Assisti ontem a um debate sobre os sistemas de abastecimento de
água em alta, uma iniciativa da Câmara Municipal de Castro Verde que saúdo, com
alguns senãos. O primeiro foi a hora escolhida: 3 da tarde de segunda-feira, o
que afasta irremediavelmente a esmagadora maioria dos munícipes. Foi dito que o
objectivo fundamental era o esclarecimento dos “decisores”, isto é, dos
autarcas – o que constitui desde logo uma grave limitação, em matéria de tamanho
interesse público.
Depois foi o formato adoptado: não propriamente um debate, antes
uma palestra para ouvir os três oradores convidados: Francisco Manuel Pinto,
representante da Audiplano; Marques Ferreira, ex-presidente da EDIA, agora em
representação das Águas de Portugal; e Manuel Camacho, presidente da AMALGA –
Associação de Municípios Alentejanos para a gestão do Ambiente – que integra nove
municípios do Distrito de Beja e cuja candidatura ao sistema intermunicipal de
abastecimento de água em alta foi chumbada em Bruxelas, no início de 2007.
Após a introdução, a cargo do presidente da CM de Castro Verde,
Fernando Caeiros, os três ilustres palestrantes falaram durante cerca de três
horas para uma audiência de 50 a 60 pessoas, em grande maioria autarcas dos
diversos municípios envolvidos. Quando o debate se generalizou, a partir das 6
e meia da tarde, a plateia já estaria reduzida a metade, tendo os últimos
resistentes aguentado até perto das 8 da noite.

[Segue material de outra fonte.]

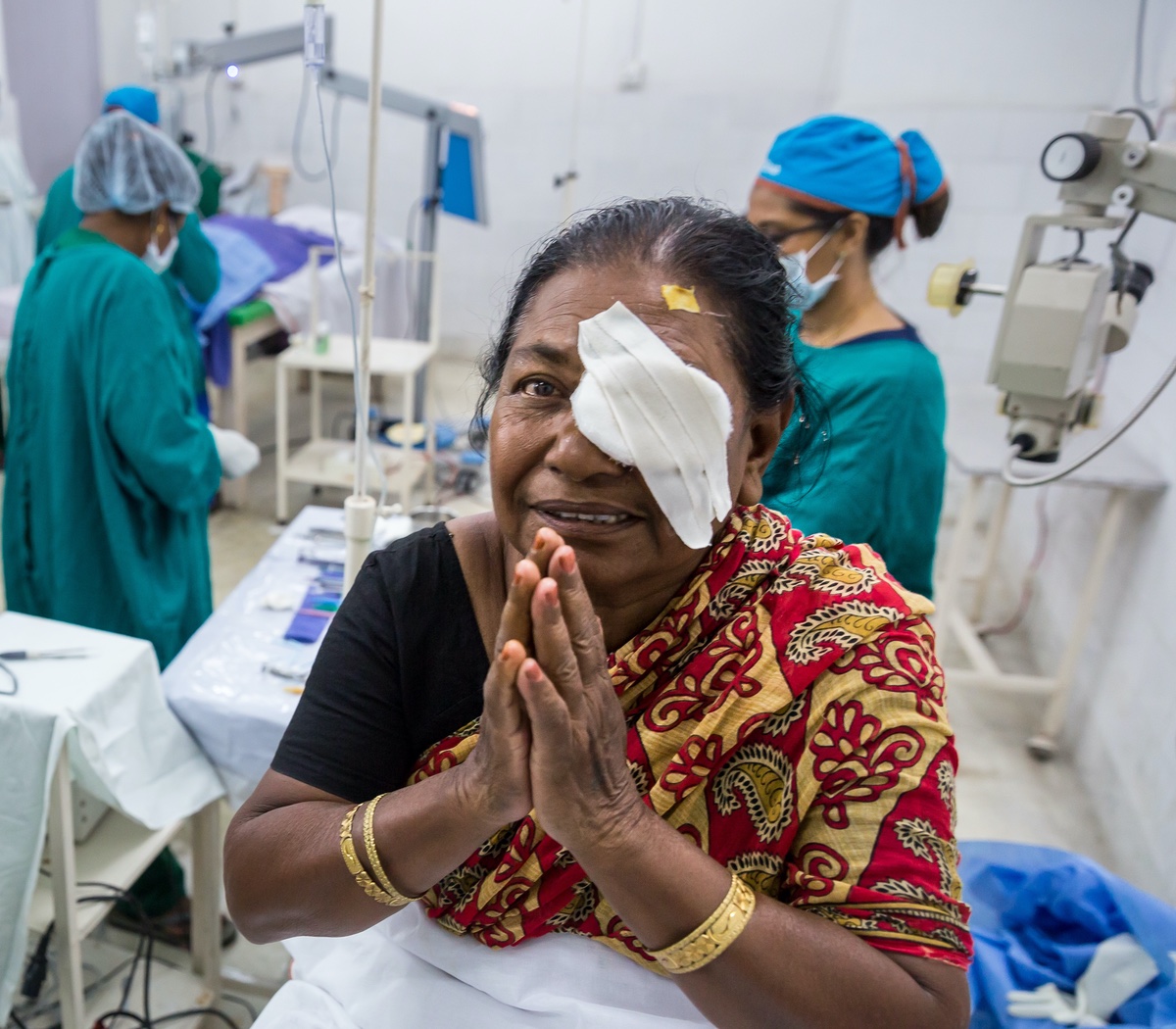 A smiling woman wearing a traditional red and gold sari and gold bangles has an eye patch covering her right eye. She is standing in an operating room, with medical staff in scrubs and surgical caps visible in the background.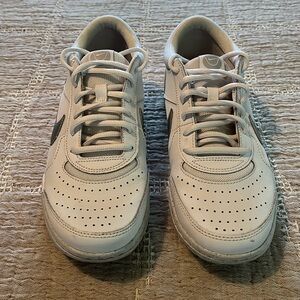 White Nike with Silver Swoosh. Size 8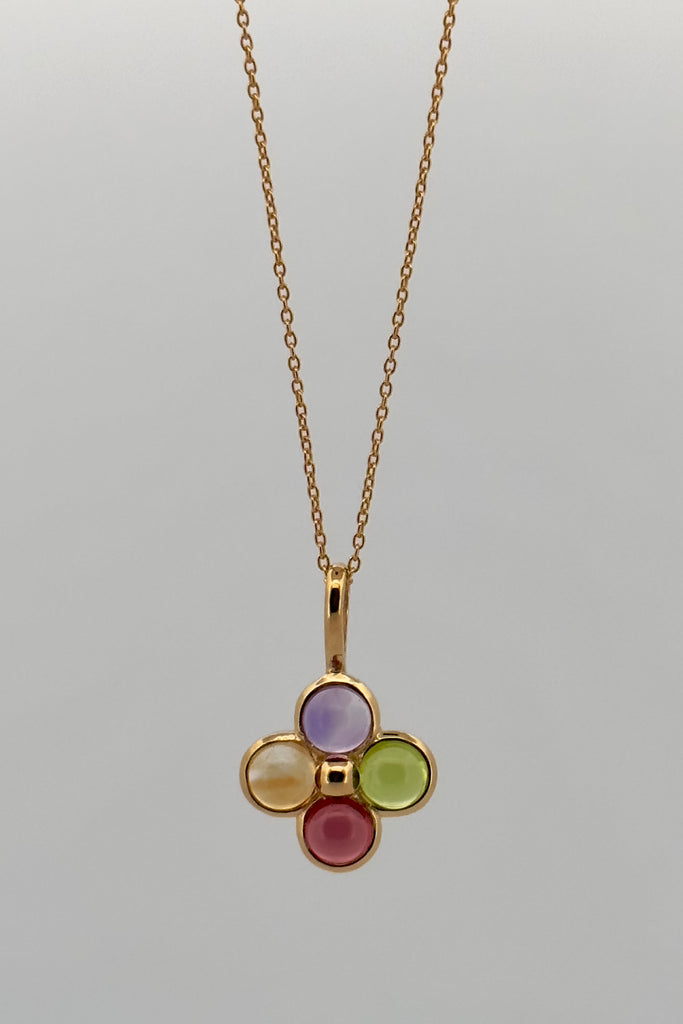 Feel the calm and the harmony of these four coloured gemstones that represent the harmony of the earth. A circle of gemstones set in 9ct gold vermeil. 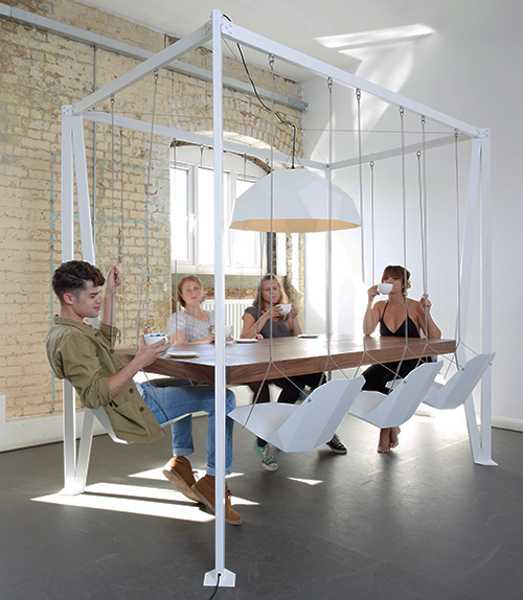modern table design with hanging chair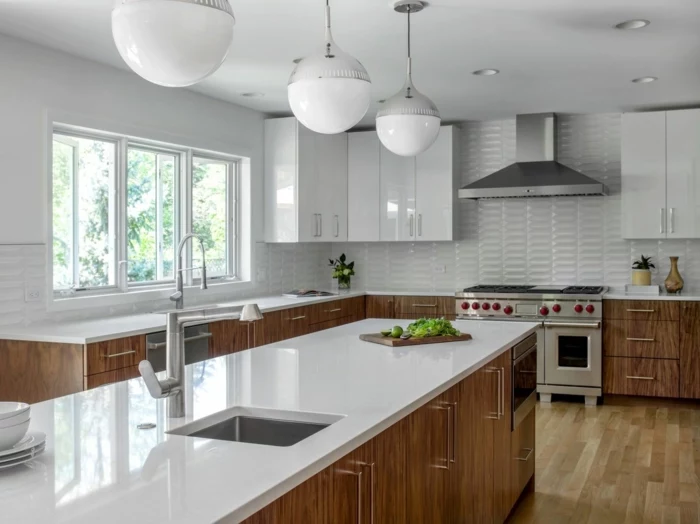 wooden cabinets with white countertops, white subway tiles backsplash, mid century modern kitchen cabinets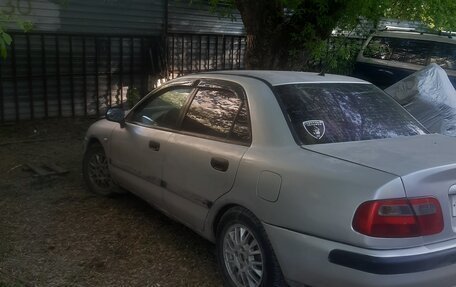 Mitsubishi Carisma I, 1999 год, 110 000 рублей, 1 фотография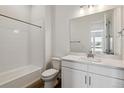 Bright bathroom with white cabinets, white subway tile shower, and modern fixtures at 8672 Pennycress Dr, Littleton, CO 80125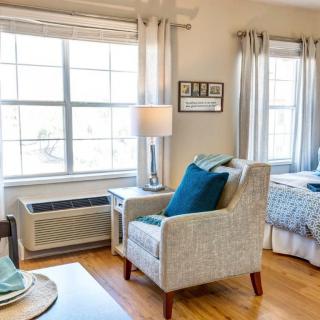 A cozy living space with a comfortable armchair near a bright window.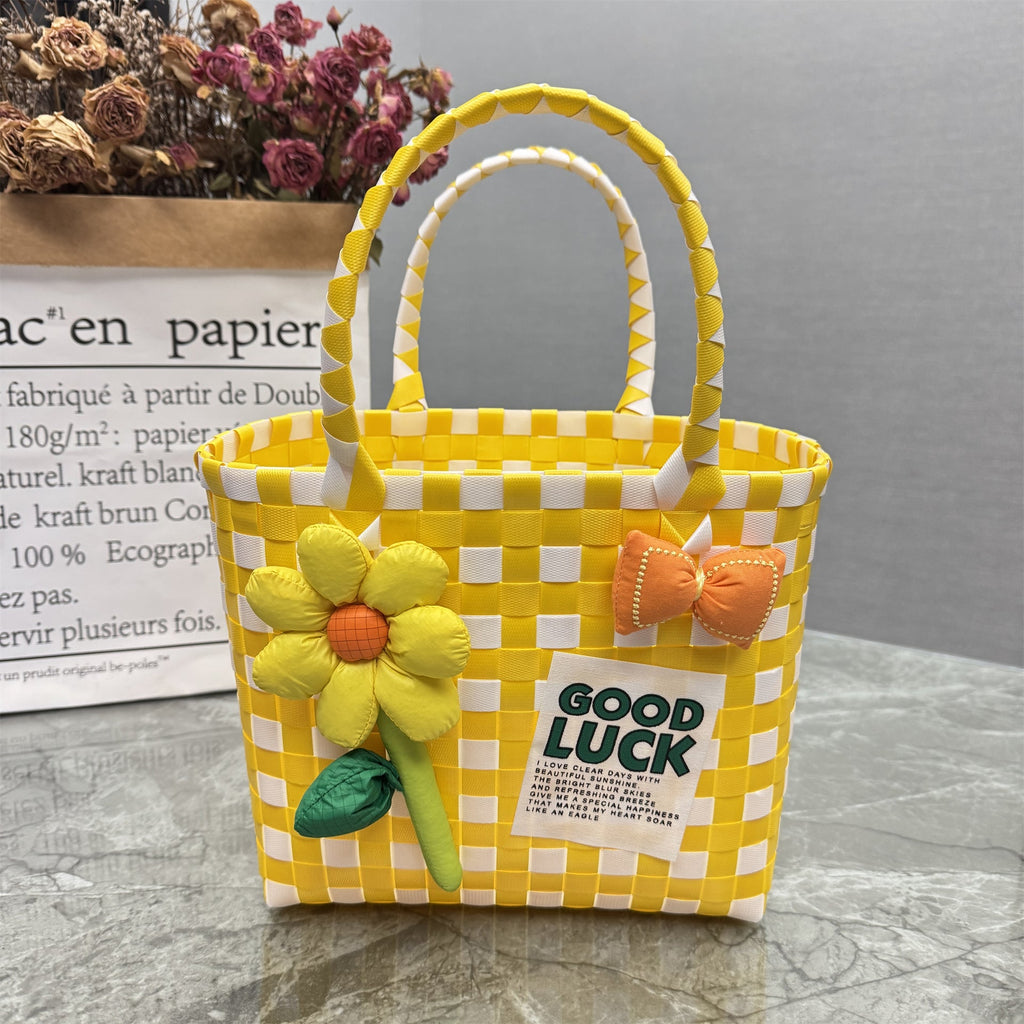 Borsa a mano giocosa con fiore e fiocco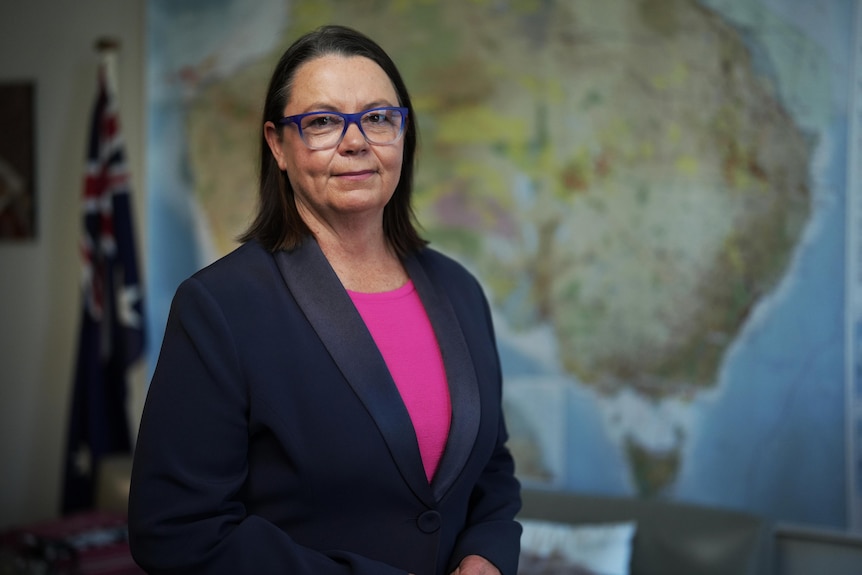A woman standing in front of a map of Australia.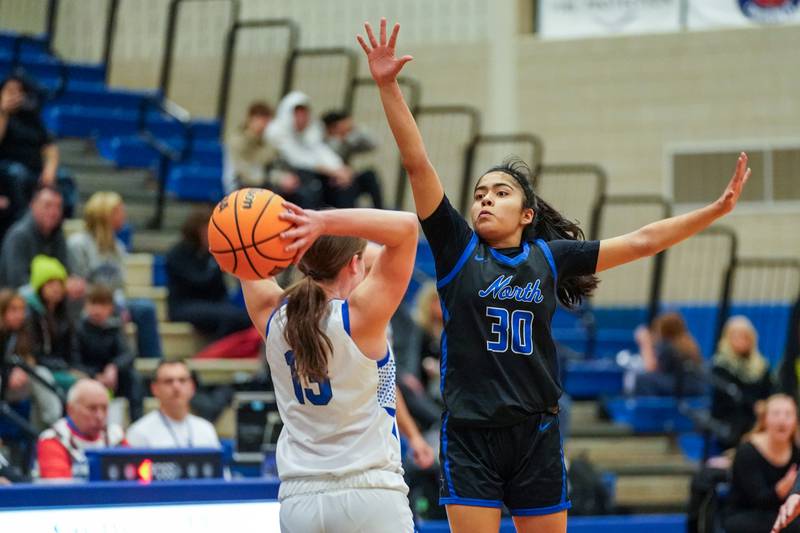 St. Charles North's Lelanie Posada (30) defends Geneva’s Linnea Popp (13) during a game at Geneva High School on Thursday, Dec. 4, 2025.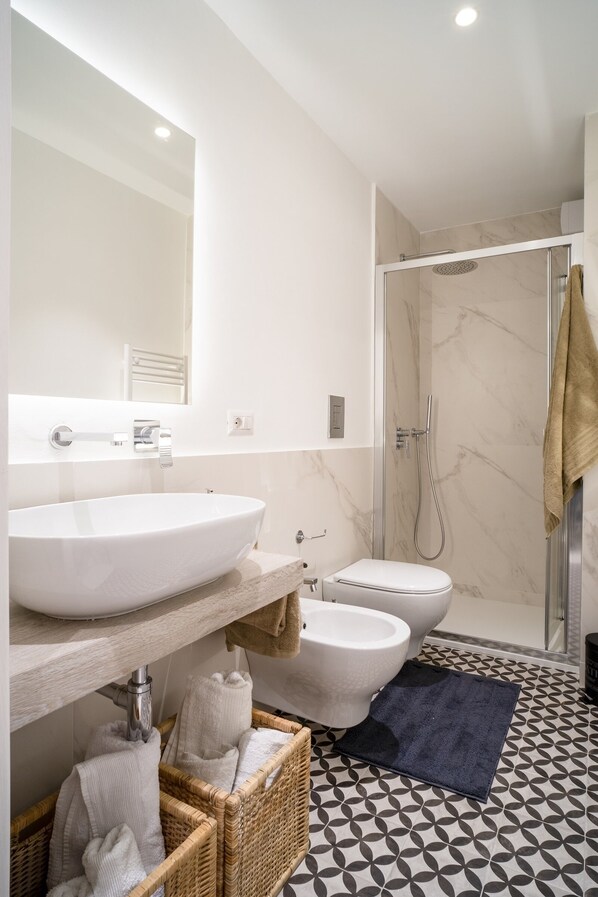 A modern bathroom with a large sink, toilet, and shower. - City View Apartment in Monopoli (Monopoli)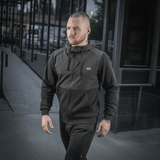 Mand iført sort M-Tac Pilgrim Bomberjakke går på gaden, fremhæver stilfuld og praktisk design, ideel til hverdagsbrug.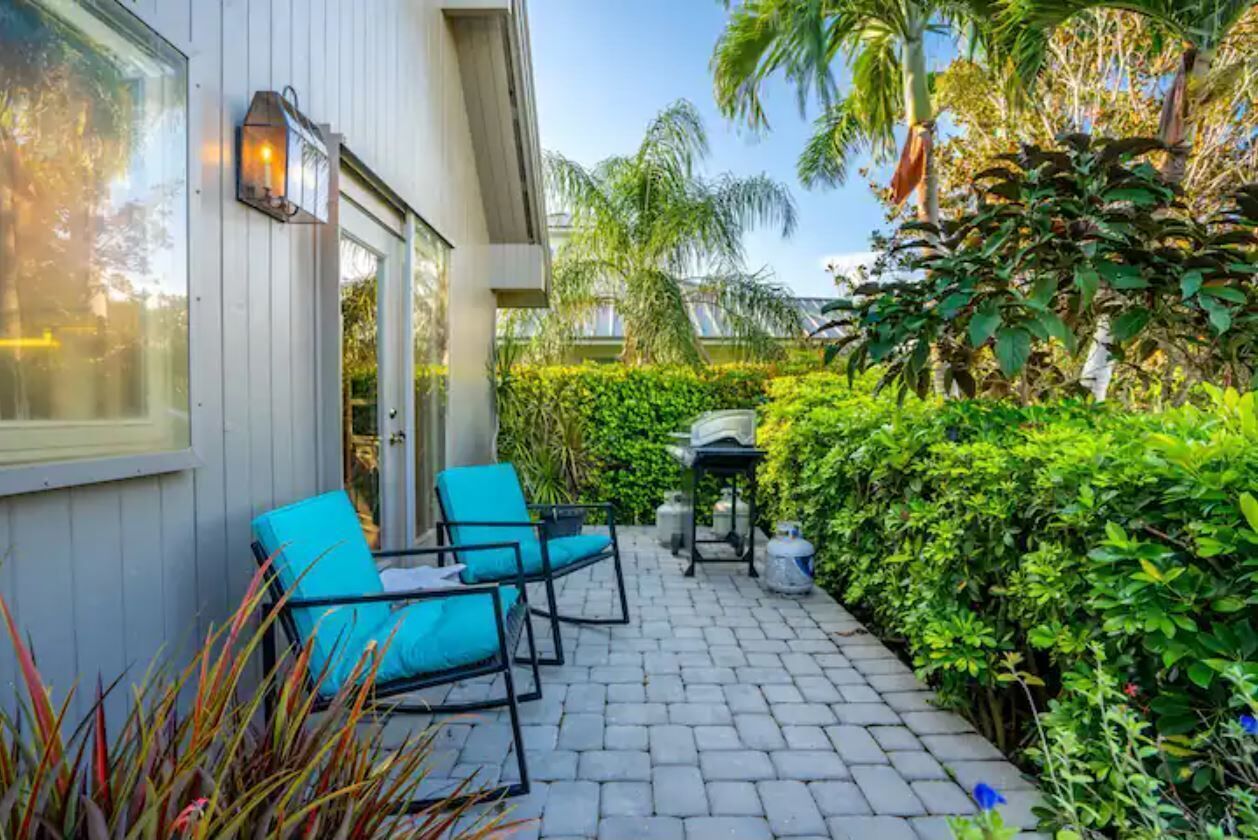 A patio with two blue chairs, a table, and a lantern.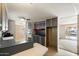 This kitchen features gray cabinets, modern appliances, and an island bar space at 9347 E Edgewood Ave, Mesa, AZ 85208
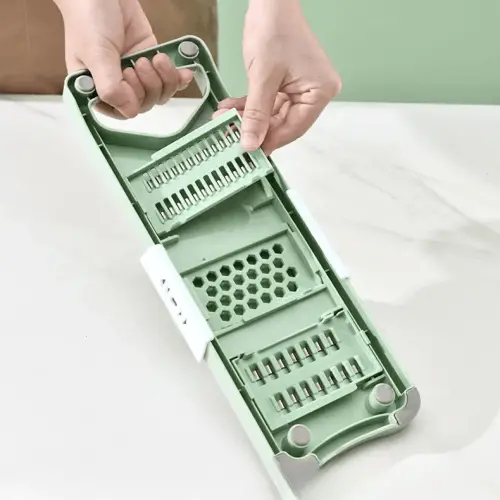 6-in-1 Stainless Steel Multifunctional Manual Vegetable Slicer Cutter: Safe Kitchen Tool for Shredding Potatoes, Garlic, Carrots, and Grating. A versatile chopper for efficient food preparation.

Até pela importância do tema,
este é um formato totalmente desadequado para quem esteja interessado em
fomentar a participação cidadã.
Sem a pretensão de fazer aqui o resumo de tanta oratória e, menos
ainda, dos pormenores técnicos em que se perdeu demasiado tempo, destaco o sumo
político das intervenções. Marques Ferreira salientou o domínio que as Águas de
Portugal já têm sobre os sistemas de abastecimento em alta e saneamento de 205
municípios portugueses. Este monopólio, participado pela Direcção Geral do
Tesouro e pela CGD, actua ao mesmo tempo como parceiro e árbitro, com todas as
armas de sedução sobre os pequenos municípios, a quem pode ditar as regras do
jogo. E gaba-se ainda de ser 100% público – por enquanto: Marques Ferreira só
não conseguiu explicar a próxima entrada das Águas de Portugal na bolsa e a
óbvia abertura aos capitais privados: as transnacionais disputam este sector,
hoje em dia mais lucrativo do que o petróleo.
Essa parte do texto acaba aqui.